Les responsables politiques libanais ont désigné lundi un nouveau Premier ministre, l’ambassadeur en Allemagne Moustapha Adib, sous la pression du président français Emmanuel Macron attendu lundi soir à Beyrouth.
M. Adib, un universitaire de 48 ans relativement inconnu, a été désigné par la majorité des députés au terme de consultations parlementaires tenues au palais présidentiel.
Immédiatement après sa désignation, le nouveau Premier ministre s’est rendu dans un quartier dévasté par l’explosion meurtrière au port de Beyrouth le 4 août, où il a déclaré « vouloir la confiance » de la population.
« L’heure est à l’action », a déclaré le nouveau Premier ministre, s’engageant à former rapidement une équipe formée d’experts et de personnes compétentes, qui mènerait « immédiatement des réformes ».
Mettre en oeuvre des réformes
« La tâche que j’ai acceptée repose sur le fait que toutes les forces politiques (…) sont conscientes de la nécessité de former un gouvernement en un temps record et de commencer à mettre en oeuvre des réformes, avec comme point de départ un accord avec le Fonds monétaire international », a déclaré M. Adib dans un discours télévisé.
M. Macron, dont c’est la deuxième visite au Liban depuis l’explosion, avait pressé les dirigeants libanais de constituer rapidement un « gouvernement de mission » pour sortir le pays de la crise économique et politique.
Moustapha Adib choisi dimanche soir
Moustapha Adib avait été choisi dimanche soir par les poids lourds de la communauté sunnite, dont le chef du gouvernement doit être issu, la présidence allant à un chrétien maronite et la présidence du parlement à un musulman chiite.
Mais ce professeur d’université, proche de l’ancien Premier ministre et milliardaire Najib Mikati, dont il a été le chef de cabinet, devrait être rejeté par le mouvement de contestation populaire.
Hassan Sinno, membre d’un groupe de la société civile, a averti que celle-ci refuserait tout candidat du système.
« Nous ne donnerons pas de temps, comme certains d’entre nous l’ont fait par erreur à Hassan Diab, pour réussir. Nous n’avons plus le luxe du temps », a-t-il déclaré à l’AFP.
L’ancien Premier ministre, Hassan Diab, nommé par les partis au pouvoir, a démissionné le 10 août, après l’explosion qui a fait au moins 188 morts et dévasté des quartiers entiers de la capitale.
Le drame, dû à la présence d’une énorme quantité de nitrate d’ammonium au port de Beyrouth au vu et au su des responsables, a alimenté la colère de la population, qui accuse la classe politique de négligence et corruption.
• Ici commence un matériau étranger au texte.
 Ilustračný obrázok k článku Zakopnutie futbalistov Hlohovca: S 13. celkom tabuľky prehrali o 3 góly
M. Macron, comme les autres responsables étrangers qui se sont succédés à Beyrouth depuis, a souligné la nécessité de réformes en profondeur. Il souhaite « un gouvernement de mission, propre, efficace, capable de mettre en oeuvre les réformes nécessaires au Liban », selon une source de l’Elysée.
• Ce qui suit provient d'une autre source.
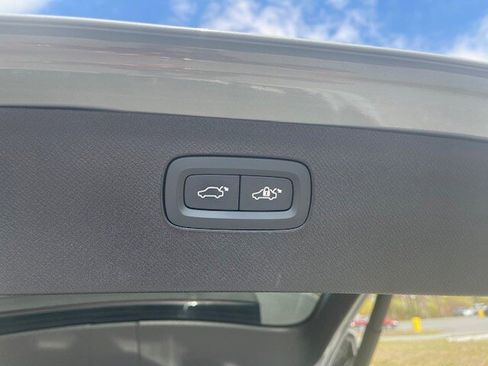 Used 2025 Volvo XC90 B6 Plus AWD/4WD image 9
M. Adib a obtenu l’aval des principaux blocs parlementaires. Seul le parti chrétien des Forces libanaises, qui a basculé dans l’opposition depuis le soulèvement populaire d’octobre 2019, a nommé l’indépendant Nawaf Salam, ancien ambassadeur à l’ONU soutenu par la contestation.
Le président français, attendu lundi soir à Beyrouth, se dirigera au domicile de la chanteuse iconique Fairouz, rare symbole d’unité d’un pays fragmenté. Mardi, il doit rencontrer les responsables politiques.
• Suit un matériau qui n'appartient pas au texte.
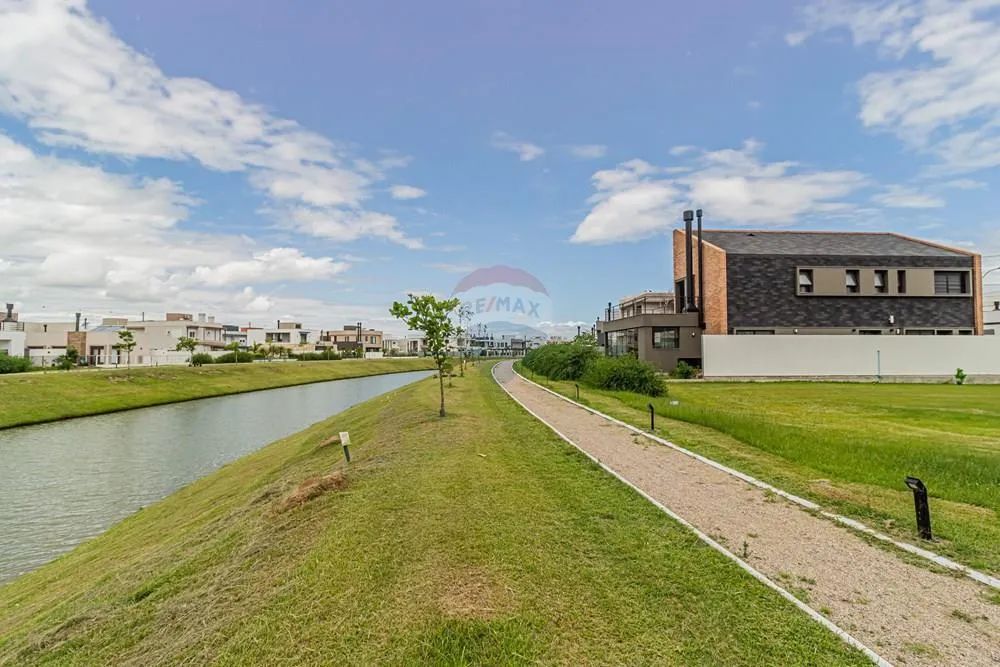 Terreno Fundo Lago Alphaville Fase 2 E07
La classe politique parle d’un Etat laïc
Il avait évoqué vendredi les « contraintes d’un système confessionnel » qui ont conduit « à une situation où il n’y a quasiment plus de renouvellement (politique) ».
Dimanche, le président Aoun, 85 ans, sourd jusque-là aux appels à réformer, a reconnu dans un discours à l’occasion du centenaire du Liban, célébré mardi, la nécessité de changer le système politique. De plus en plus conspué depuis la catastrophe du 4 août, il a même appelé à proclamer un « Etat laïc ».
Quelques heures plus tôt, le chef du puissant Hezbollah, Hassan Nasrallah, s’était dit prêt à discuter d’un nouveau « pacte politique » au Liban, où les communautés religieuses se répartissent le pouvoir.
Mais certains estiment qu’il s’agit d’annonces de pure forme à l’occasion de la visite de M. Macron.
« Quand la classe politique parle d’un Etat laïc, ça me fait penser au diable qui prône la vertu, cela n’a pas de sens », affirme Hilal Khashan, professeur de Sciences politiques à l’Université américaine de Beyrouth.
La nomination de M. Adib « ne va pas inaugurer une nouvelle ère dans l’histoire du Liban et je ne crois pas qu’elle va placer le Liban sur la route d’un véritable développement politique », poursuit-il.